One of the success stories of the Prussians in their only year in the Bundesliga: 4-2 against Duisburg
Photo: dpa / picture alliance / dpa
Anyone who can still remember Manfred Pohlschmidt's goal has grown old in Münster.
After all, it has been almost 60 years since Manfred “Manni” Pohlschmidt met in the 75th minute.
Pohlschmidt's nickname was Lattenschmidt because he often hit the post and the crossbar.
On that May 9, 1964, however, he hit the goal.
Pohlschmidt scored the 4-2.
It was the last Bundesliga club in the history of Prussia Munster.
The opponent at the time was Hertha BSC.
With the Berliners Otto Rehhagel and Uwe Klimaschewski, the later coaching legends, were in the team.
The victory did not help the Münsteranern, however, the Prussians had to relegate anyway - because competitor Hertha had one point more in the table and saved the league as 14th in the then 16-league, while Münster ended up on the bottom line as 15th and never saw the Bundesliga again afterwards.
So you can definitely say that Preußen Münster, today Regionalliga West, still has an account with Hertha.
It might have to be settled this evening in the second round of the DFB Cup (6.30 p.m.
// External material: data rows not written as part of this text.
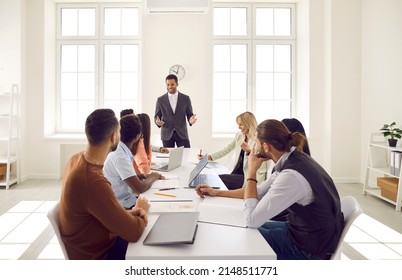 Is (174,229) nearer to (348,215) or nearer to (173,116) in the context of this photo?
(348,215)

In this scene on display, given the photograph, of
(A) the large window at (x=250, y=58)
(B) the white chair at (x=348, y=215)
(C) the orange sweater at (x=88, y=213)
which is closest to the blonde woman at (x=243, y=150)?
(B) the white chair at (x=348, y=215)

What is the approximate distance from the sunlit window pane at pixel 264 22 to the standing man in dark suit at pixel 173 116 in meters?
2.52

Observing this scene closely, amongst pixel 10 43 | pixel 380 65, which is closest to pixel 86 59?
pixel 10 43

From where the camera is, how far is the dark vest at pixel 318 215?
1735 millimetres

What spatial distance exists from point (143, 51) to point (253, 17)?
201cm

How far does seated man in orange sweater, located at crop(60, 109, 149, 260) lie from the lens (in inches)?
60.8

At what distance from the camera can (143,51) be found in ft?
20.4

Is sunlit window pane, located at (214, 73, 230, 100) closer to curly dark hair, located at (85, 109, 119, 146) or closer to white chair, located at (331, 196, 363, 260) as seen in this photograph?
white chair, located at (331, 196, 363, 260)

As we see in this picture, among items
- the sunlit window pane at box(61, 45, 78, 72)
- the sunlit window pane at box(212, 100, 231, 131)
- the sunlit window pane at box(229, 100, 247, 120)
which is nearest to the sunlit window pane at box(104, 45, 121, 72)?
the sunlit window pane at box(61, 45, 78, 72)

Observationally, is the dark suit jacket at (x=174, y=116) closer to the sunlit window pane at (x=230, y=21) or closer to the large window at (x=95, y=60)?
the large window at (x=95, y=60)

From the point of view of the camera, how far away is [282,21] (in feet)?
22.3

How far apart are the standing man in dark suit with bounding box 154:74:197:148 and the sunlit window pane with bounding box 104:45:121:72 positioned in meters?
2.14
Sky, SPIEGEL live ticker), when the first division team Hertha BSC is visiting the fourth division Prussia Münster.
Football has been forgotten
Münster is a cliché city.
The cyclists, the Anabaptist cages at the Lamberti Church, the Catholic, either it's raining or the bells are ringing.
Plus the slapstick crime scene with Börne and Thiel.
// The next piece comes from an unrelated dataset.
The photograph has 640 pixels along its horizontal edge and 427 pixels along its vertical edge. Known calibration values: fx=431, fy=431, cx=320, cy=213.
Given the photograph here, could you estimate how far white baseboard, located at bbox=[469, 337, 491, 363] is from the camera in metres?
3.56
Football doesn't really belong in this list.
The fact that the Prussians were once a real number in German football has been forgotten over the decades.
Founding member of the Bundesliga: What Bayern Munich and Borussia Mönchengladbach can't say about themselves - in Münster it's on the business card.
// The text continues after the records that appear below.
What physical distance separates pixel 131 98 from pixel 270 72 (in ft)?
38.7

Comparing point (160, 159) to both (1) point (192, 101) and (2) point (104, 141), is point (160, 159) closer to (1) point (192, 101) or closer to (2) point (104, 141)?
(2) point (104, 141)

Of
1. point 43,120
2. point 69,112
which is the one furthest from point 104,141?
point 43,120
Even if it was only a single year: Under coach Richard Schneider, Münster at least won 2-1 at Schalke, beat VfB Stuttgart and the first Bundesliga runner-up MSV Duisburg 4-2 - and they defied HSV with Uwe Seeler and Charly Dörfel Season opener a 1: 1.
It was a year to remember with your head held high.
Sometimes, however, you have the feeling that the club is exaggerating its memory.
The stadium on Hammer Strasse was one of the most modern in the country in the 1960s and regularly filled with 40,000 enthusiastic Westphalians, but that was a long time ago.
There have been many attempts to bring the stadium up to date, most of the time it failed because of the money or noise protection.
Now they want to try it again: The demolition of the grandstands will begin in 2022, the beginning of a post-and-post renovation of the stadium.
40,000 no longer fit in here, the capacity has shrunk to 15,000.
Looking after the Westphalian competition
A lot has shrunk in Prussia over the past 57 years, in which one bobbed back and forth between the 2nd and 4th league.
The last guest appearance in the 2nd division is now over 30 years.
At some point the club lost the connection, after 50 years the stadium turf from the Bundesliga time was replaced in 2012.
The Westphalian competition has made it up again and again in the meantime, not to mention Arminia Bielefeld, SC Paderborn, Schalke, Bochum and Dortmund.
Above all, there was a lot of ambition in Münster.
Roger Schmidt - formerly at Leverkusen, now in Eindhoven - spent his young coaching years here, the great Bert Trautmann tried his hand at coaching here, Benno Möhlmann, Werner Biskup, Gerd Roggensack, they all have SC Preußen Münster in the second class at best can lift.
The list of former players is even more prominent: from Siggi Held to Erwin Kostedde, from Christoph Metzelder to Ansgar Brinkmann, from BVB icon Adi "Crucial is on the pitch" Preißler to today's Stuttgart coach Pellegrino Matarazzo.
The past is the past, the present is fourth in the Regionalliga West behind Rot-Weiss Essen, Wuppertaler SV and Fortuna Köln.
A sentence that sounds like something out of a history and story book of West German football.
In these regions, nostalgia still makes a big difference, but coach Sascha Hildmann and sports director Peter Niemeyer, a man with a Hertha past, probably don't want to know much about it at the moment.
Moving into the second round has already brought the club half a million euros.
They are happy to take them in Münster, even if in the end they only made progress because of the embarrassing mistake made by opponents VfL Wolfsburg.
That was ticked off in Münster, although Niemeyer said that he actually couldn't really look forward to progressing because it came about at the Green Table.
But the focus is once again: Almost 11,000 spectators are expected in the evening, Hertha is of course the clear favorite, but with a guest from Berlin you never know whether he will make another breakdown.
You always trust the capital to do something like that.
Manfred Pohlschmidt, the club's last Bundesliga scorer, opened a lottery ticket office in the city after his career.
That is also a bit of the history of Preußen Münster.